В темноте нельзя было различить его взгляд.
Но она поняла: если он чуть-чуть нажмет, то сломает этому молодчику шею. Одним движением он его убьет.
Эмили не могла отвести взгляда.
Остальные двое стонали.
Тот, которого держал Тедди, что-то хрипел, но не мог выдавить ни слова.
Тогда Тедди ослабил хватку.
Освободившийся парень заковылял к своим.
Эмили услышала, как быстро прогрохотали их шаги по лестнице.
Тедди молча развернулся и помчался за ними.
Эмили следом побежала вниз.
Оказавшись на улице, она услышала, как взревел мотор.
* * *Ульрикагатан в Эстермальме, где они прожили двадцать лет, многие считали одной из самых престижных улиц Стокгольма.
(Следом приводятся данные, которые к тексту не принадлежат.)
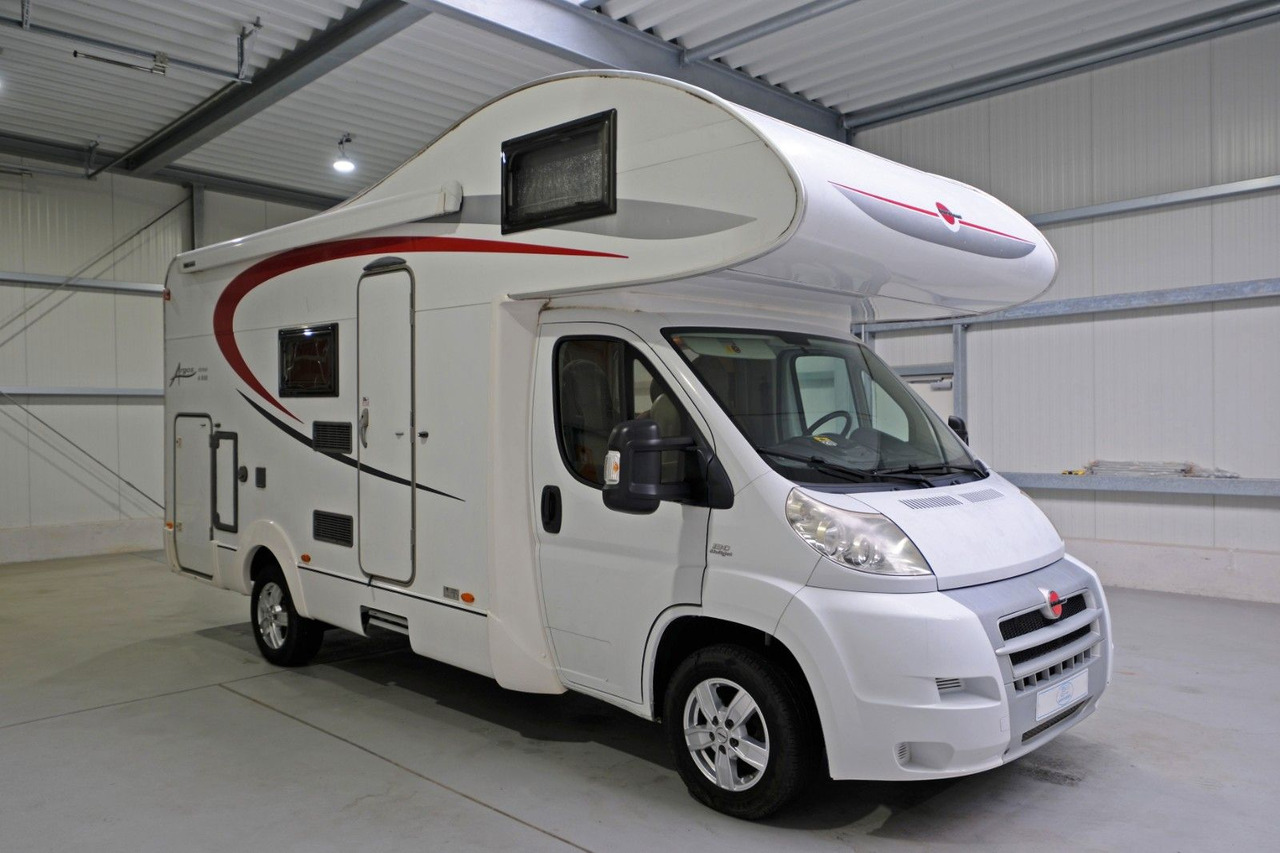 Bürstner Argos Time A 660/Etagenbetten/Klima/Solar/Markis - 阿尔科夫房车:图1 Bürstner Argos Time A 660/Etagenbetten/Klima/Solar/Markis - 阿尔科夫房车:图1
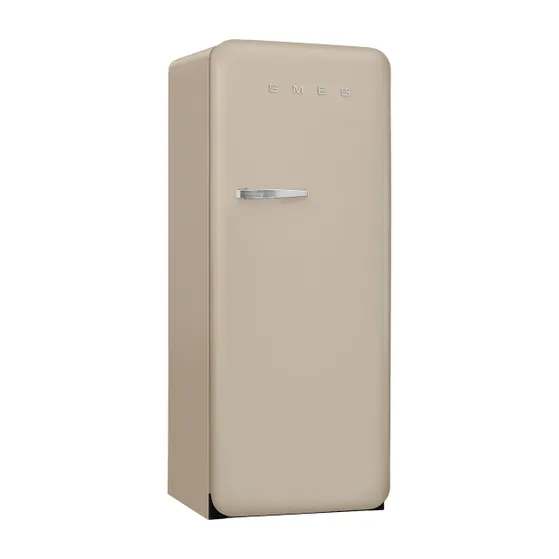 Smeg FAB28RMLM6 Beige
На том же уровне были Дандерюдсгатан в этом же районе и Тюстагатан рядом со старым добрым сквером на Карлаплан. Все три улицы короткие, всего пара сотен метров, с ограниченным движением, окна квартир здесь скрыты от посторонних взглядов. Дома тоже маленькие, в три-четыре этажа, совсем не такие, как вдоль широких проспектов типа Карлавэген или Нарвавэген, где пять-шесть этажей воспринимались в порядке вещей. Большая часть домов на этих улицах были так называемыми таунхаусами, коттеджами в черте города, что довольно необычно в Стокгольме. Здесь не Нью-Йорк или Лондон, и на любую собственность больше двухсот пятидесяти метров общественность смотрит через призму социал-демократического скепсиса.
Конечно, Страндвэген, южная набережная, была гораздо известнее обычным горожанам, а из окон там открывался, несомненно, великолепный вид, каким немногие места могли похвастаться. Но по-настоящему состоятельные семьи отпугивали открытость и претенциозность такого положения. Ульрикагатан, Дандерюдсгатан и Тюстагатан располагались в другом конце Эстермальма, но здесь обитали люди, чье состояние и доходы составляли значительную часть всего шведского ВВП. Здесь жили те, кто не хотел светиться в желтых газетенках и светских хрониках.
«Может быть, в этом все дело? – думал Карл-Юхан Шале этой темной ночью. – В том, что Филип не скрывал своих доходов? Не стыдился, что дела идут хорошо?»
Или так случилось из-за него самого? Из-за того, кем он стал.
Карл-Юхан не мог заснуть. Он попробовал посмотреть телевизор, но этот дурацкий ящик показывал только чепуху, к тому же он совершенно не представлял, какие каналы у них подключены.
Семь раз подряд он послушал запись звонка Филипа в банк. Голос сына был таким неестественно уверенным. Невозможно представить, каково Филипу было там, где он сейчас.
Карл-Юхан чувствовал себя таким беспомощным.
В конце концов он заварил себе чашку зеленого чая, этикетка гарантировала, что чай не содержит кофеина или еще чего-то, что может помешать ему заснуть. Наоборот, обещался успокоительный эффект.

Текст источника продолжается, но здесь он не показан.